__Task directions__
Although the data below contains pictures, output only the lines between those holding "HOMCOM Kitchen Island" and "Owl Lanyard Wallet", inclusive, exactly and without those pictures.

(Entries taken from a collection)
━━━━
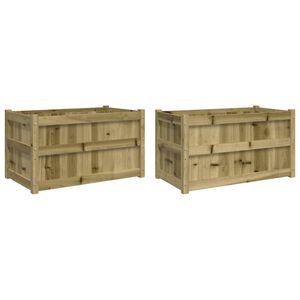vidaXL Plantenbakken 2 st cm ge&iuml;mpregneerd hout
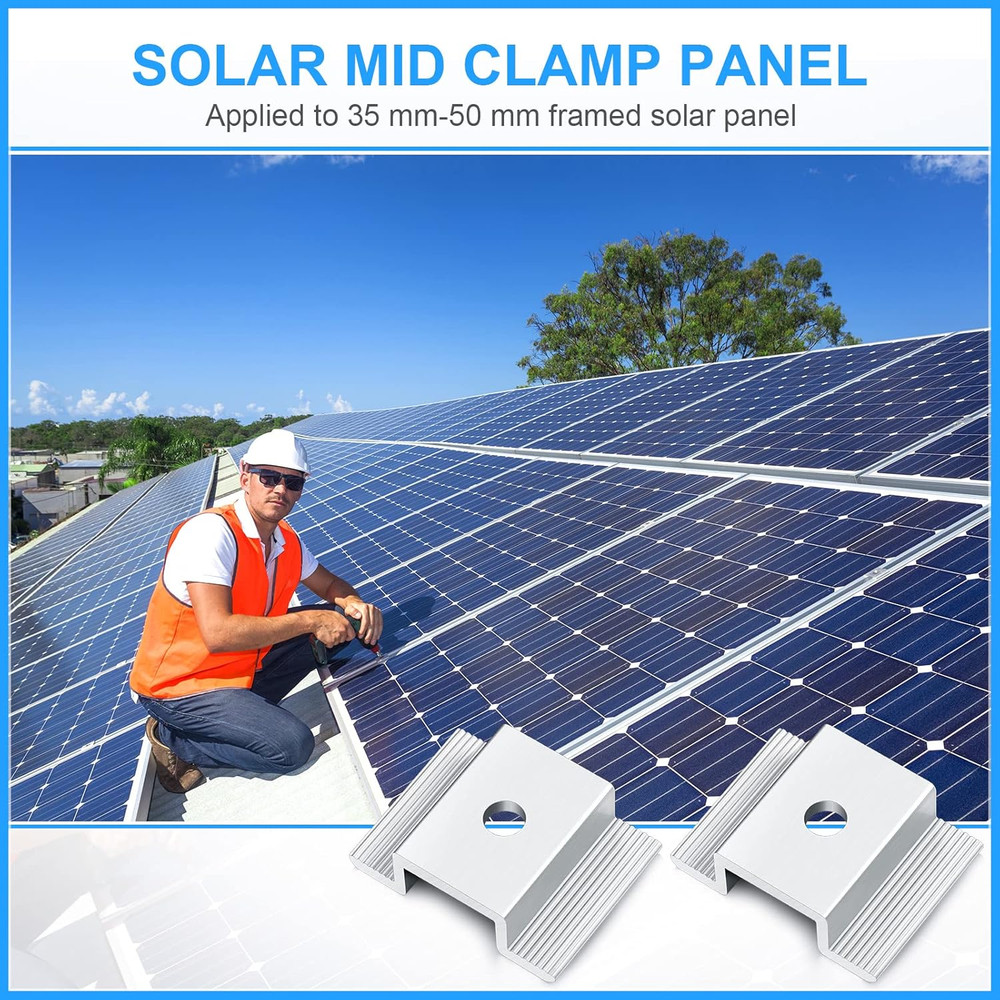 48-Pack 1.06" Solar Panel Mid Clamps – Aluminum Mounting Brackets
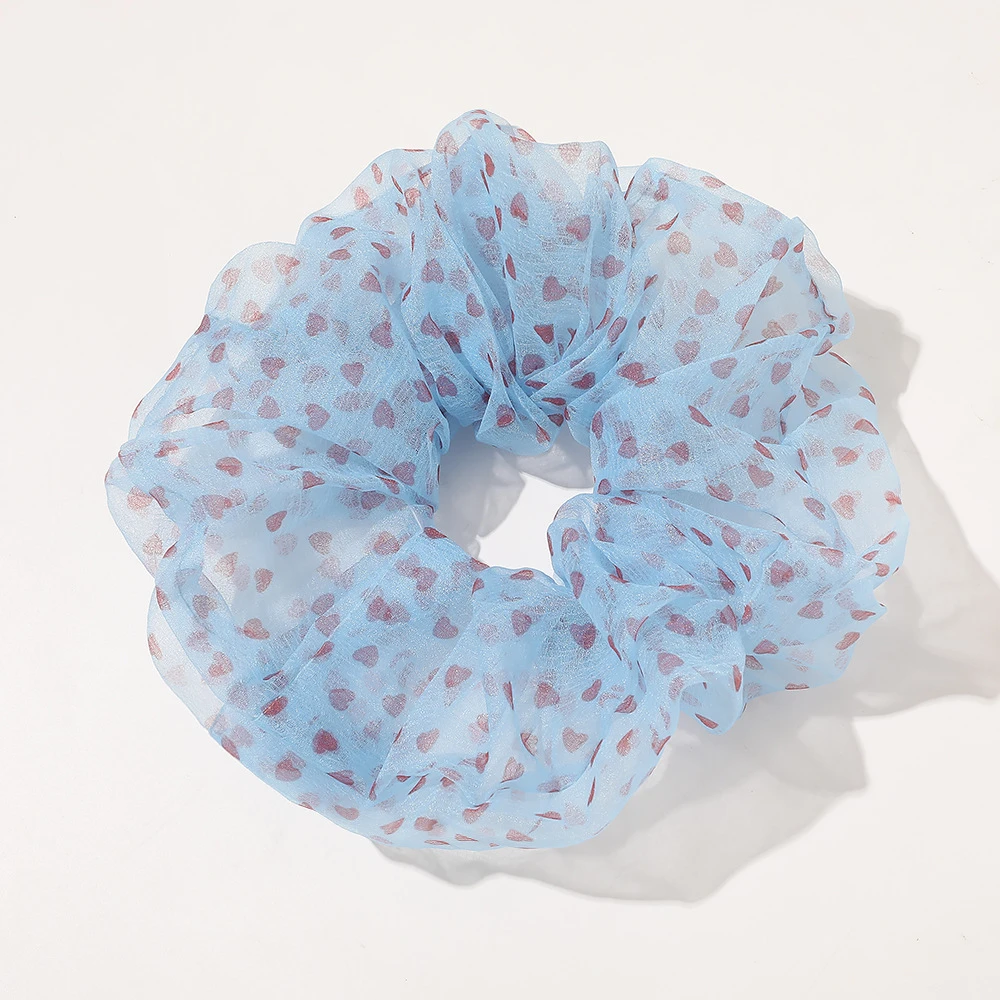 Ins Oversized Organza Scrunchies Women Heart Scrunchie Elastic Hair Bands Girls Headwear Rubber Ties Big Ponytail Holder |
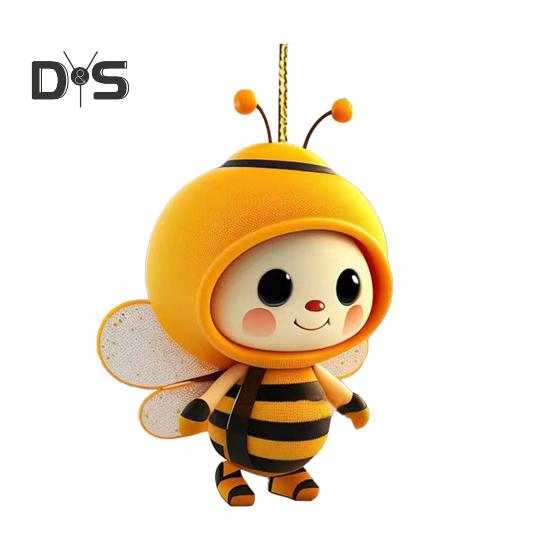 

Подвесной орнамент в виде пчелы для автомобиля, акриловая пчела, праздничный декор, милый брелок для ключей в виде пчелы, сумка для салона автомобиля, подарок на ключ F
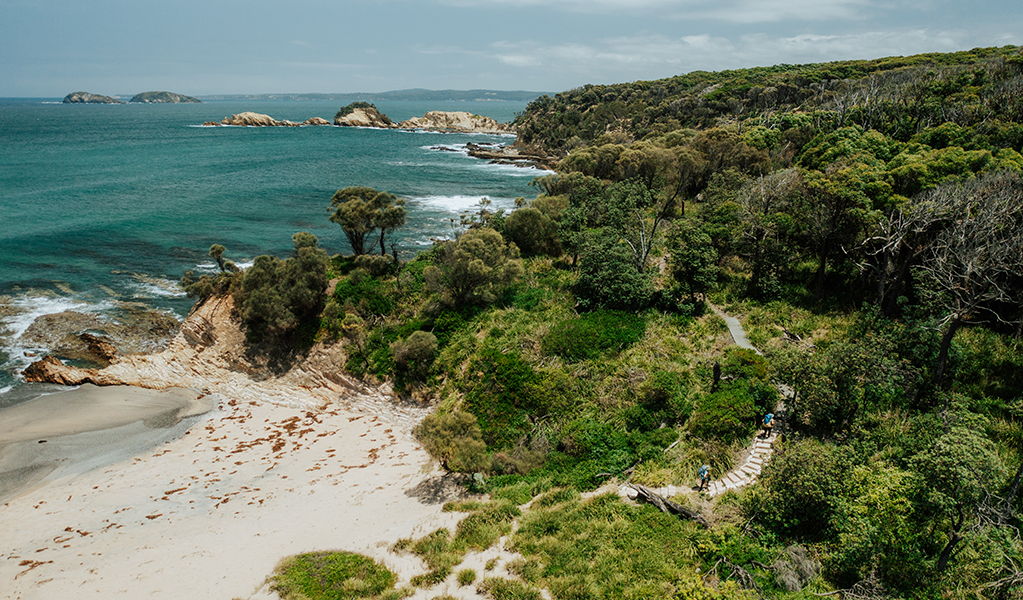Aerial view of North Head Beach, Murramarang National Park. Credit: Remy Brand © Remy Brand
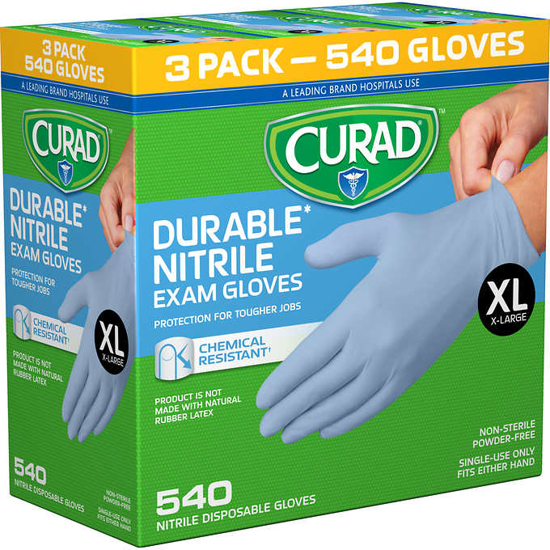 Picture of Curad Durable Nitrile Exam Gloves  Extra Large  600ct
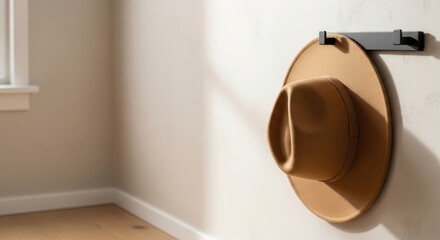 Brown hat hanging on wall hook in modern hallway with natural light  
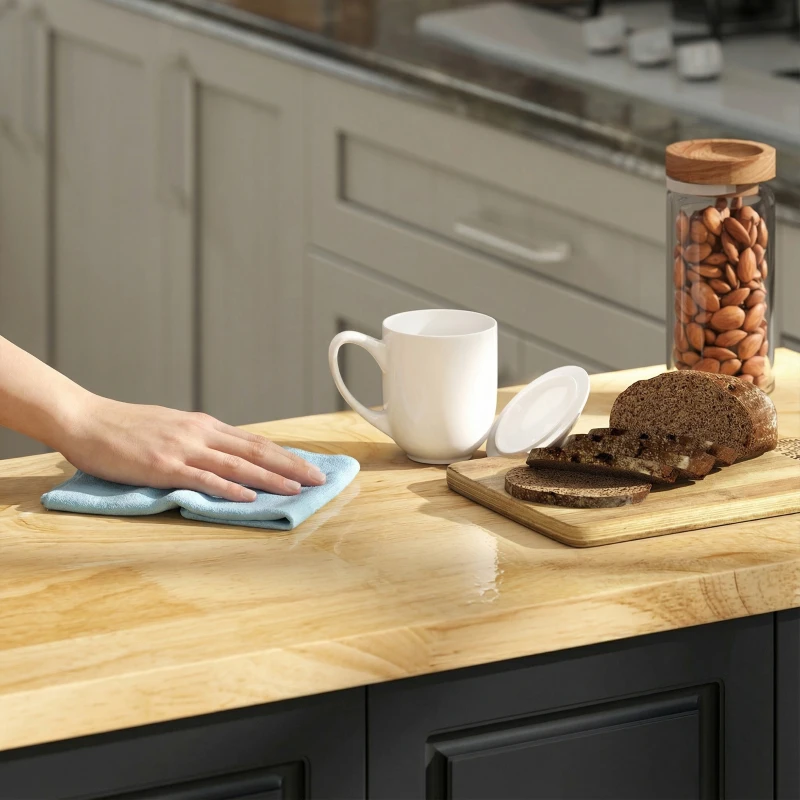 HOMCOM Kitchen Island on Wheels, Rolling Kitchen Storage Trolley with Drop Leaf, Drawers, Towel and Spice Rack, Black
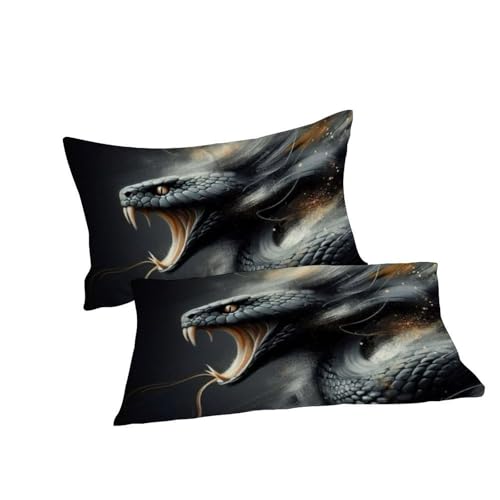 Housse de couette serpent noir microfibre 200x200 avec fermeture éclair pratique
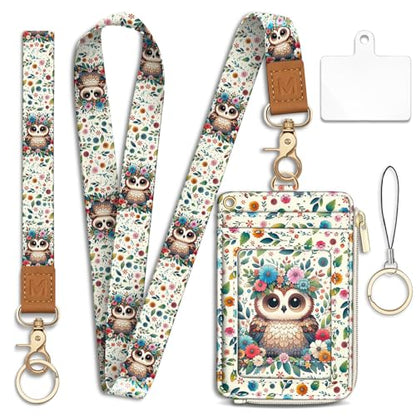 Owl Lanyard Wallet with Id Badge Holder Keychain for Card Women - color: Owl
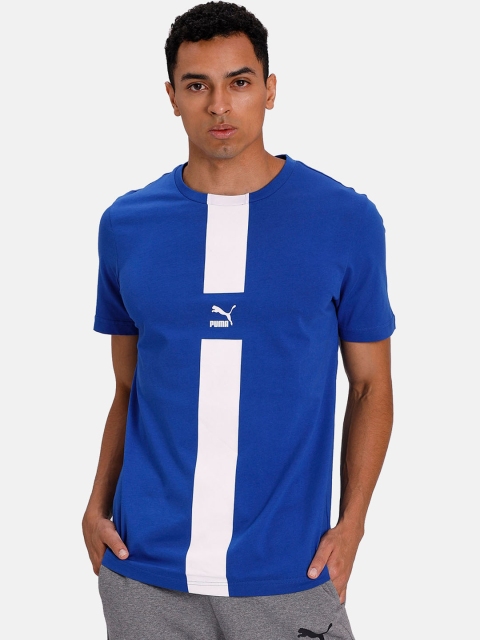 

Puma Men Blue Colourblocked Round Neck T-shirt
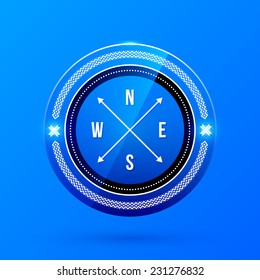Direction badge on blue background. EPS10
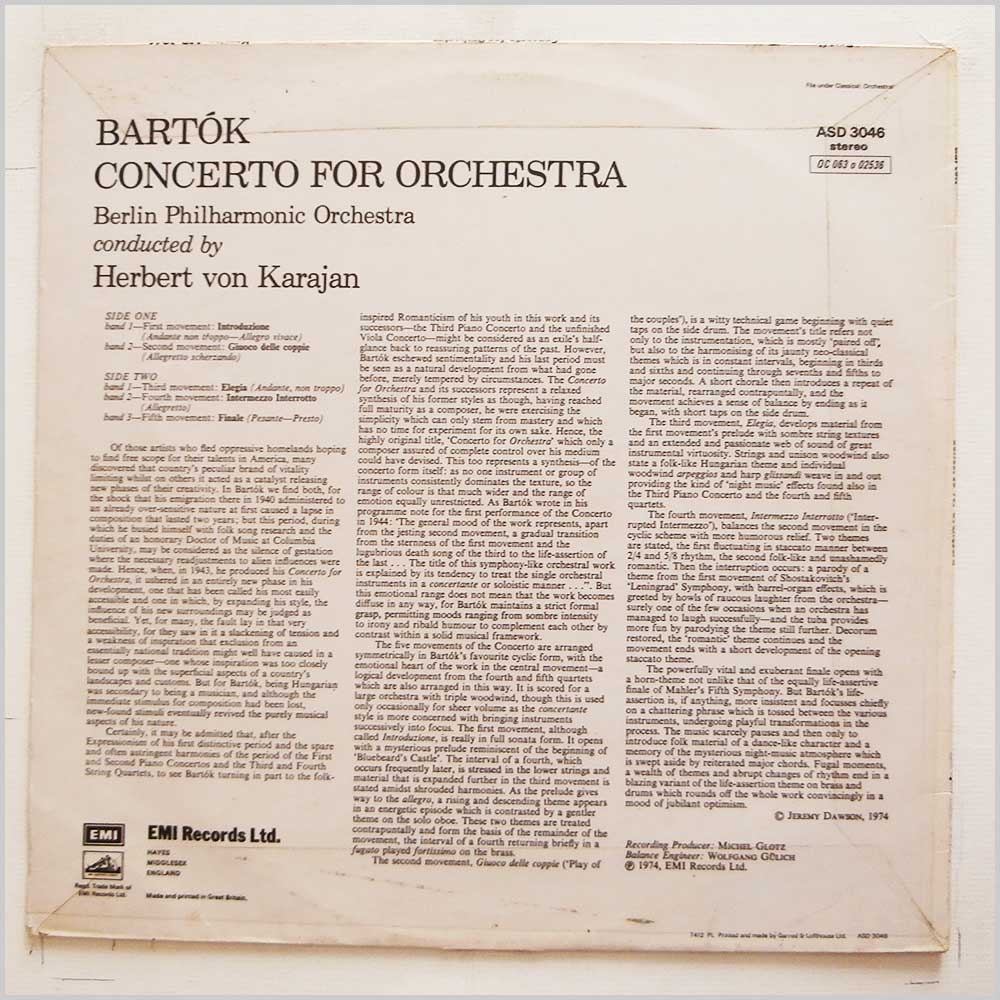 Herbert Von Karajan, Berlin Philharmonic - Bartok: Concerto For Orchestra  (ASD 3046) 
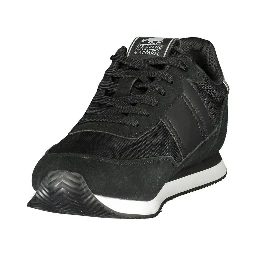 Black Polyester Athletic Sneakers
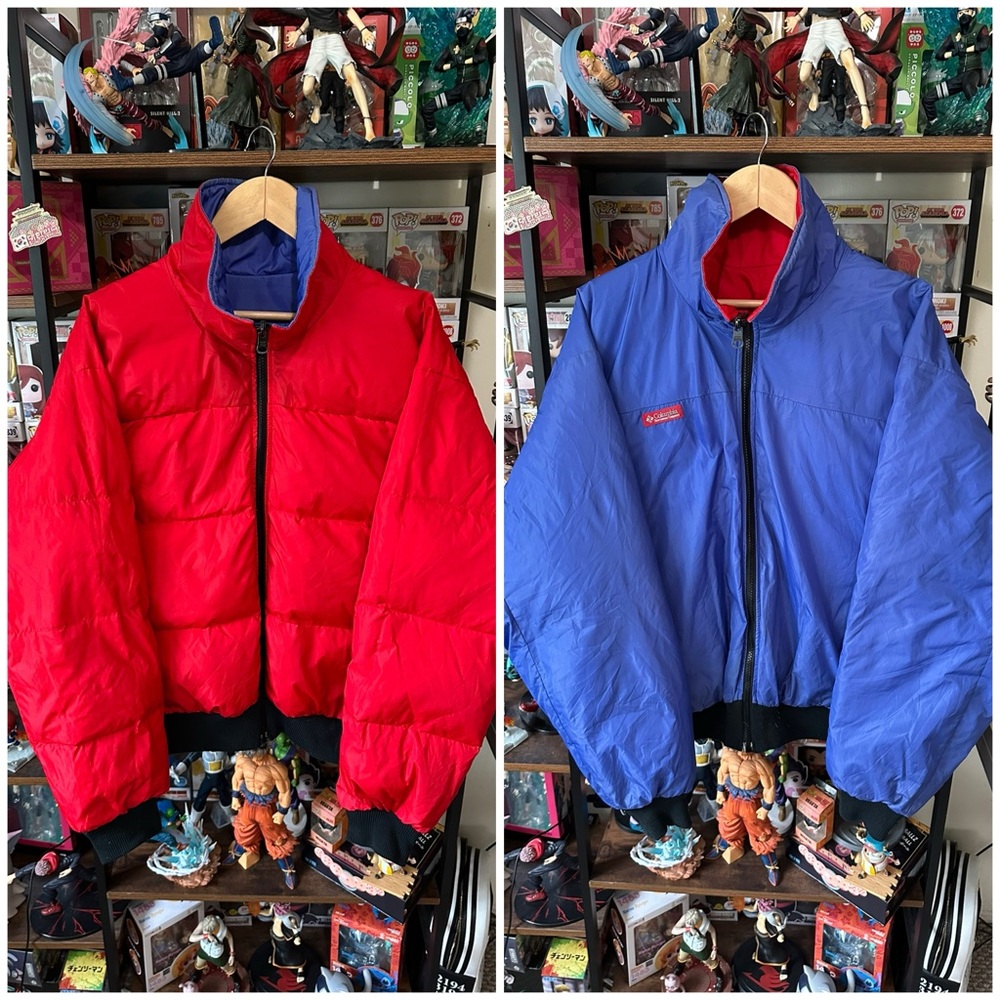 Vintage Columbia Reversible Puffer Jacket Men’s L Red Blue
━━━━
__Solution for this problem__
 HOMCOM Kitchen Island on Wheels, Rolling Kitchen Storage Trolley with Drop Leaf, Drawers, Towel and Spice Rack, Black
 Housse de couette serpent noir microfibre 200x200 avec fermeture éclair pratique
 Owl Lanyard Wallet with Id Badge Holder Keychain for Card Women - color: Owl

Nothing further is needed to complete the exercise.